Yvonne Roberts and Lucy Cavendish 

Has confessional journalism gone too far?

Rachel Cusk published a memoir of the failure of her marriage, to a wave of controversy last week. Yvonne Roberts and Lucy Cavendish – who has often written about her family life – debate whether the rise of the 'confessional' narrative debases or enhances journalism
  
  

Rachel Cusk
Rachel Cusk has just published a memoir on the failure of her marriage. Photograph: Katherine Rose for the Observer Photograph: Katherine Rose/Observer

Yvonne Roberts: Narcissism rules; enlightenment suffers

Who hasn't been entertained, horrified ("how could he/she?"), and sometimes moved by autobiographies and articles that turn the writer inside out?

Most journalists have written two or three features in their careers that are personal: often to campaign, to try to make a difference to the failing status quo. The personal story isn't the star of the show, it is the human connection to a system that needs change, for example, the treatment of dementia or cancer or mental illness.

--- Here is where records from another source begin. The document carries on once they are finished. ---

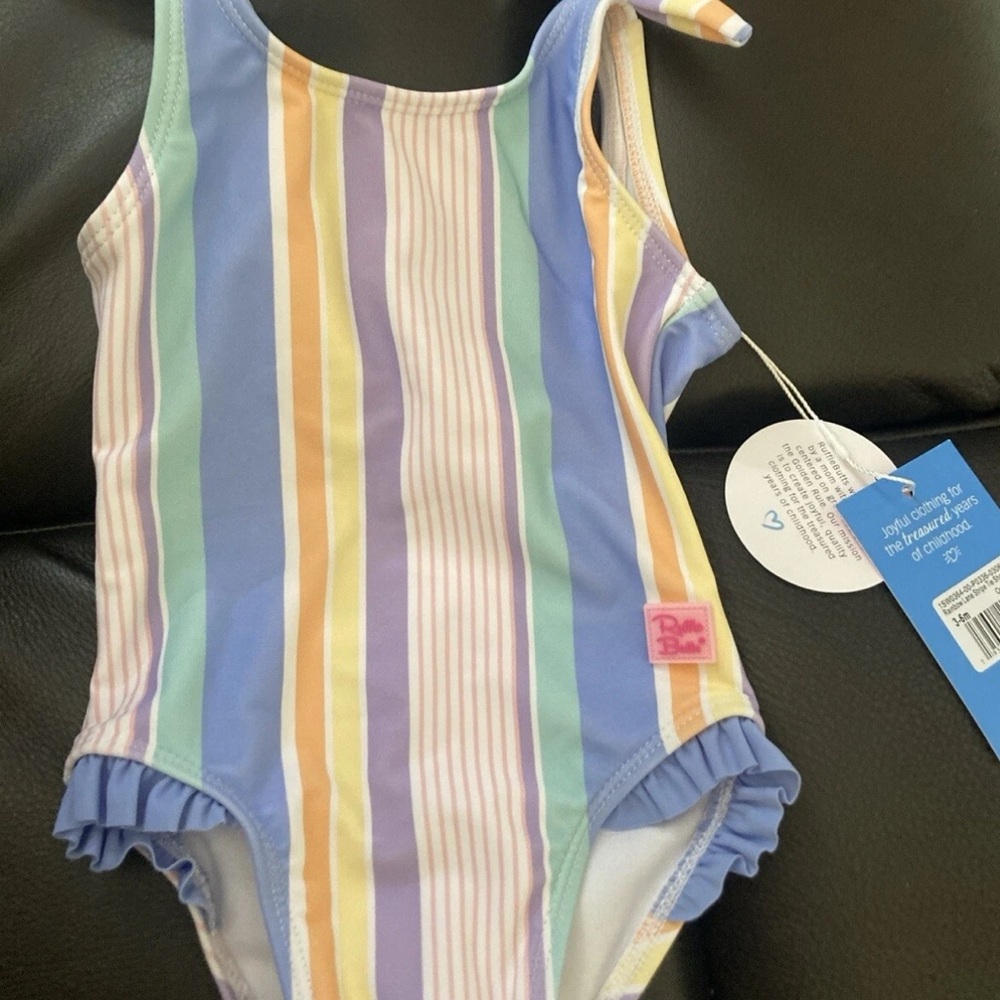 Ruffle Butts Kids Striped One Piece Swimsuit
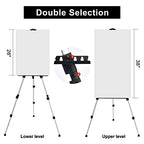Portable Artist Easel Stand - Adjustable Height Painting Easel with Bag - Table Top Art Drawing Easels for Painting Canvas, Wedding Signs & Tabletop Easels for Display - Metal Tripod - 17x66 inches - style: 66 Inch Argent Silver (2 Pack)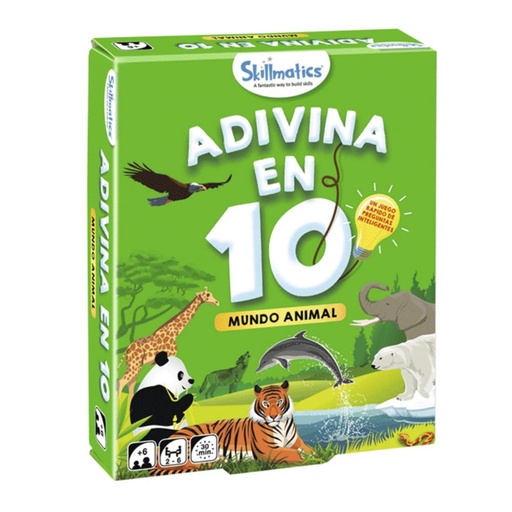 [710424] JUEGO LUDILO ADIVINA EN 10 MUNDO ANIMAL – JUEGO DE CARTAS EDUCATIVO PARA NIÑOS Y ADULTOS (+8 AÑOS)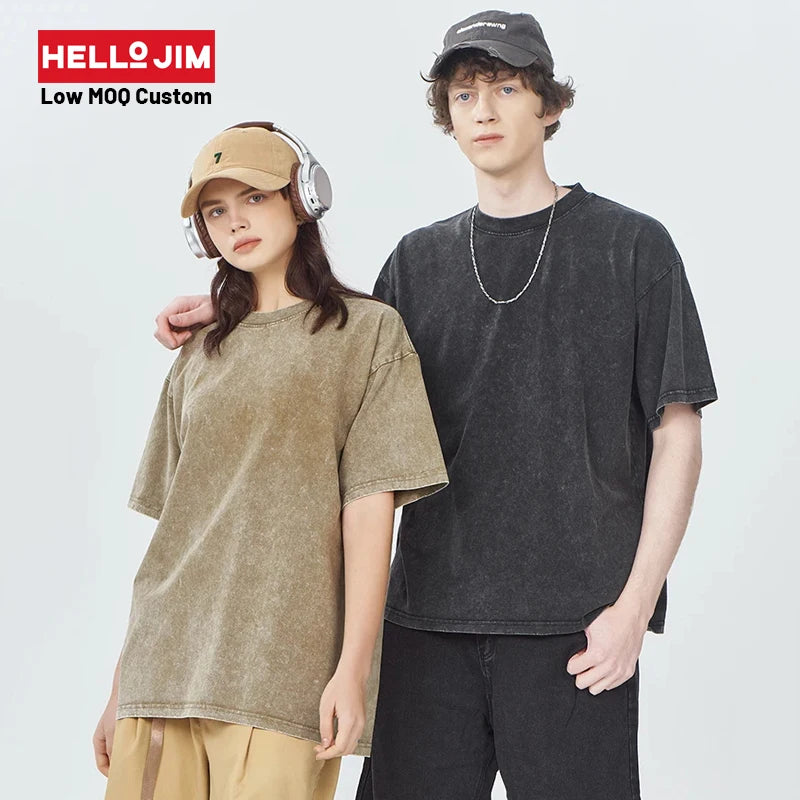 Wholesale T-shirt 250 Grams Cotton Customize Unisex Clothing Vintage Tee Shirts Street Wear Vintage Heavyweight Tshirt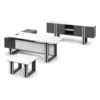 White & Graphite Executive Desk Set 240cm on a white background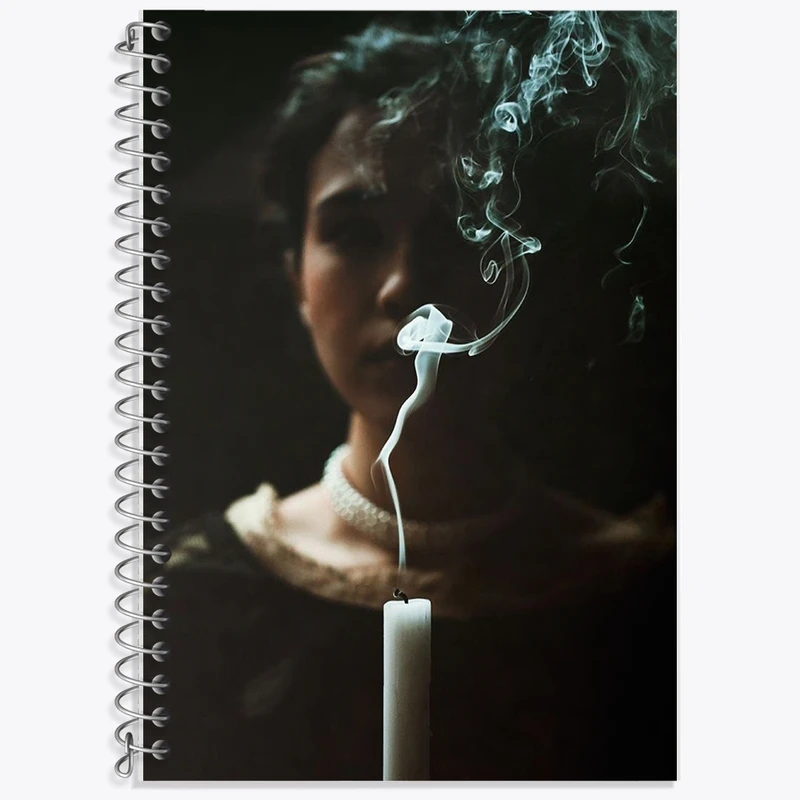 دفتر زبان 50 برگ خندالو مدل دو خط طرح دختر و شمع کد F1095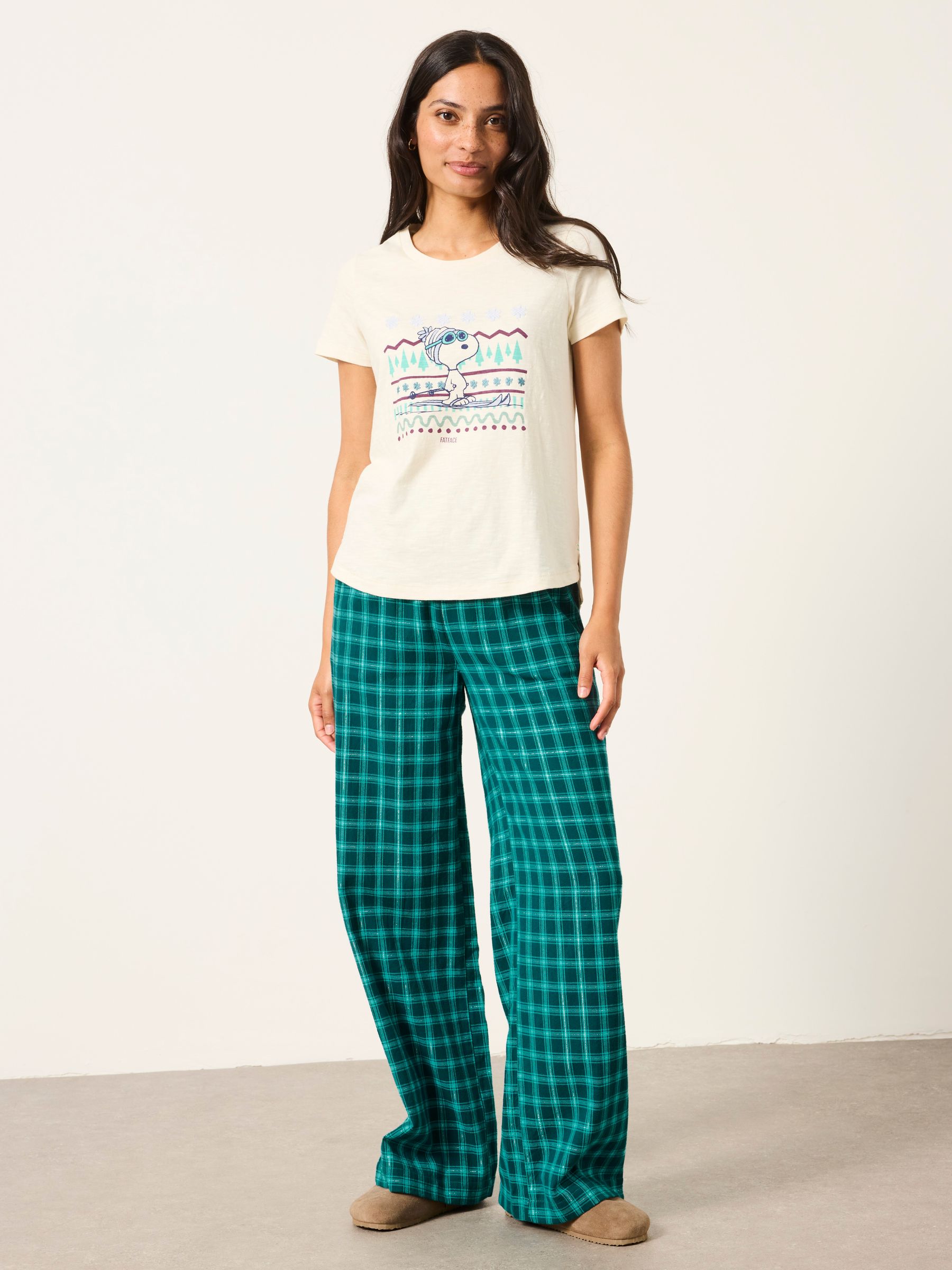 Lola Teal Blue Sparkle Gingham Wide Leg Pyjama Bottoms - Image 4 of 6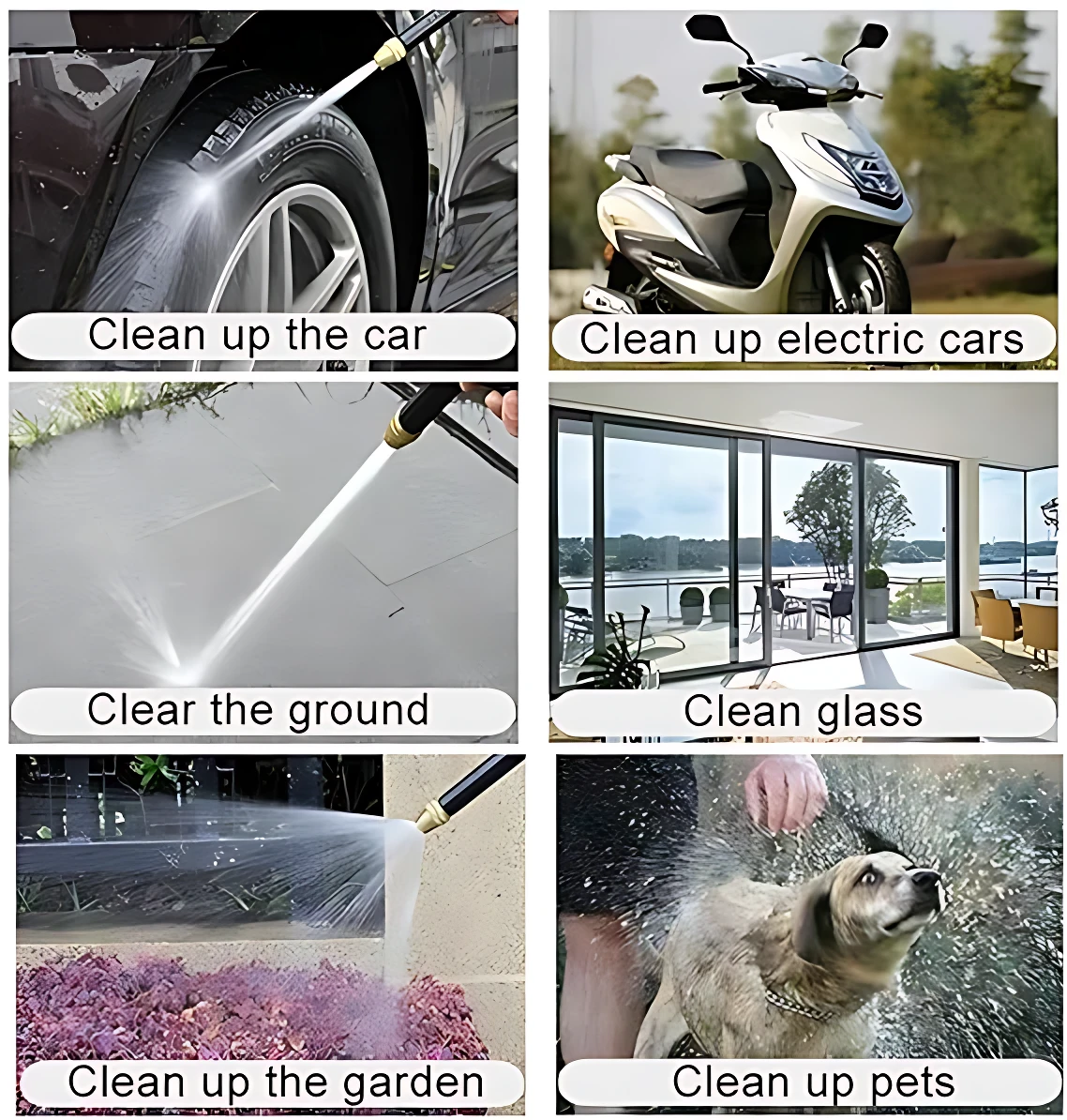 Limpieza con pistola de agua a presión: auto, scooter, suelo, ventanas, jardín y mascota. Chorro blanco sobre superficies variadas.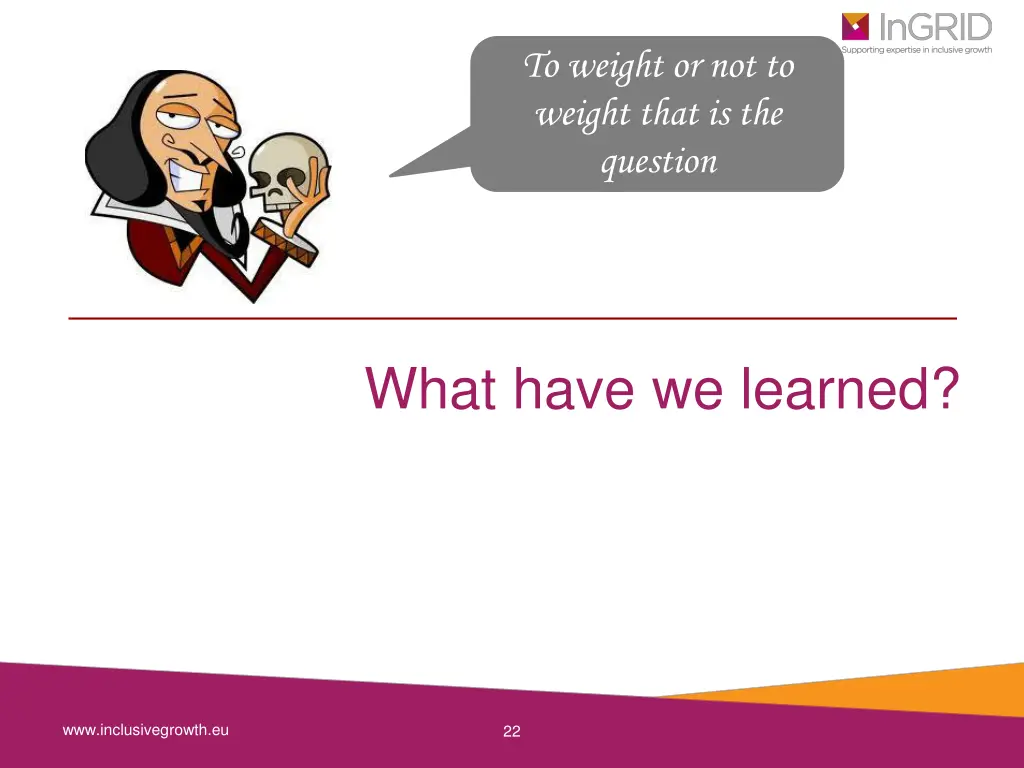 to weight or not to weight that is the question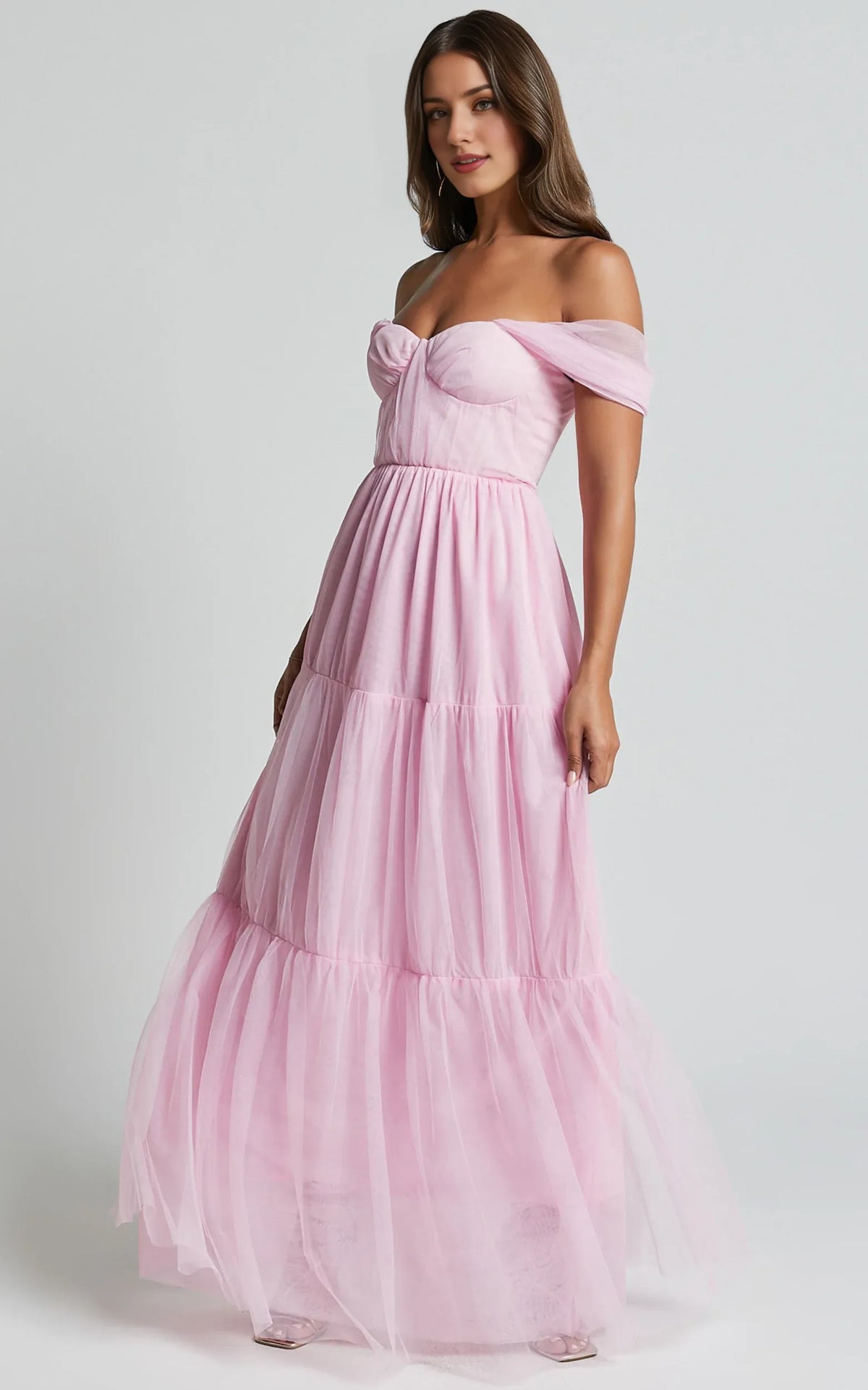 Refined Beautiful Timeless Chic Elegant Pink Tulle A-Line Sleeveless Floor-Length Evening Dress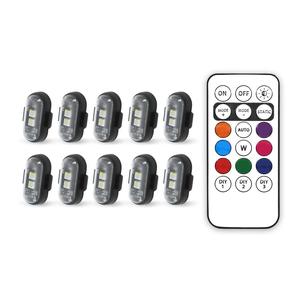 Wireless Remote Control Car LED Light Set, USB Rechargeable 8-color Changing LED Car Light, Car Warning Light, Decorative Light for Car Motorcycle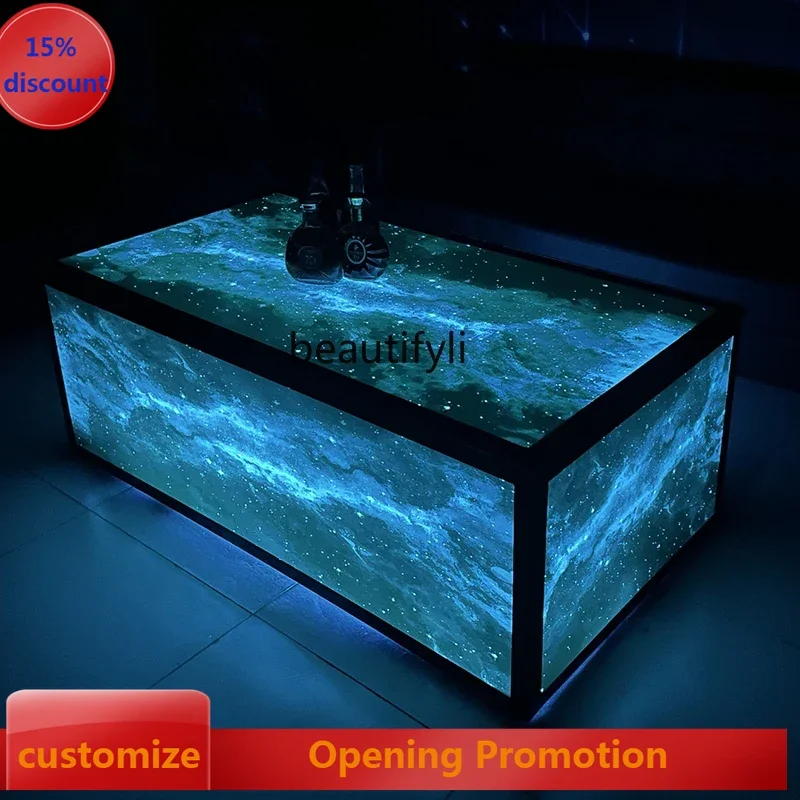 

KTV Coffee Table Desk European Club Bar Cassette Luminous Desktop Tempered Glass Stainless Steel G1218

Yet, even when the terms of engagement are so limited, a one-off, they reveal that while "the personal may be political", attach a Tannoy, and all manner of furies are unleashed and rights abrogated, not least of the children, ex-husbands, siblings and friends, the jackdaw journalist's, often involuntary, supporting cast. These people have no say over the telling of what is their story too. Their privacy is invaded, their most painful moments are exposed to the world.

Personal experience, first heavily employed by male writers, is now a major part of the depoliticised end of women's writing and occurs on an unremitting basis as the "me" in "media" colonises ever larger continents of journalism. Narcissism rules; enlightenment suffers.

Lucy Cavendish: So many issues remain hidden

I have to take issue with the "narcissism rules" comment. Of course, writing about the personal is difficult. But, for me, there are so many issues that remain hidden and I don't think they should be. When I was incredibly low, about a decade ago, I read a piece by a woman suffering from depression and it was instrumental in helping me turn my life around. Do I think she shouldn't have written the piece? Of course not.

There are many issues I would like to write about – alcoholism for one. I haven't gone into that because of the pain it might cause to those around me but, actually, I would be happy to write about it if I felt it would save one hurt, bewildered daughter. What do we do when we need information? We go and read. This personal "narcissistic" writing is part of that information. If I had a son who was getting heavily addicted to drugs, I might turn to the Julie Myerson book that featured her son's descent into drug abuse. Rachel Cusk's Aftermath might help me, guide me, support me during times of marriage breakdown. I thank them for writing these books.

Yvonne Roberts: We are drowning in a sea of memoir

I am baffled by your comment "so many issues remain hidden". On the contrary, we are drowning in a sea of articles, books, memoirs and id-lit, backed by self-help manuals and support groups, offering a potential lifebelt to every woman, man and household pet.

Personal testimony is powerful but it also has the propensity to atrophy genuine experience and turn it into hollow melodrama. While there is a constant danger that the "student" of another's person's trauma may find themselves uncomfortably close to becoming a voyeur, distant and disengaged from empathy, motivated not to change but only by an appetite for the next revelation.

All journalism is about storytelling. It is women war correspondents such as Maggie O'Kane and the late Marie Colvin have done much to turn the gruesome mechanics of battle into grim reality precisely because of the testimonies they have brought home. However, when it comes to the domestic front, "my personal story" too often cements men into the stereotype of Groundhog Day incompetents and women into serial victims of crisis at the hands of themselves and others and the alleged ill-discipline of their own bodies (too fat, too thin, too brittle, just "too"…) Is another person's recovery truly a guide to one's own?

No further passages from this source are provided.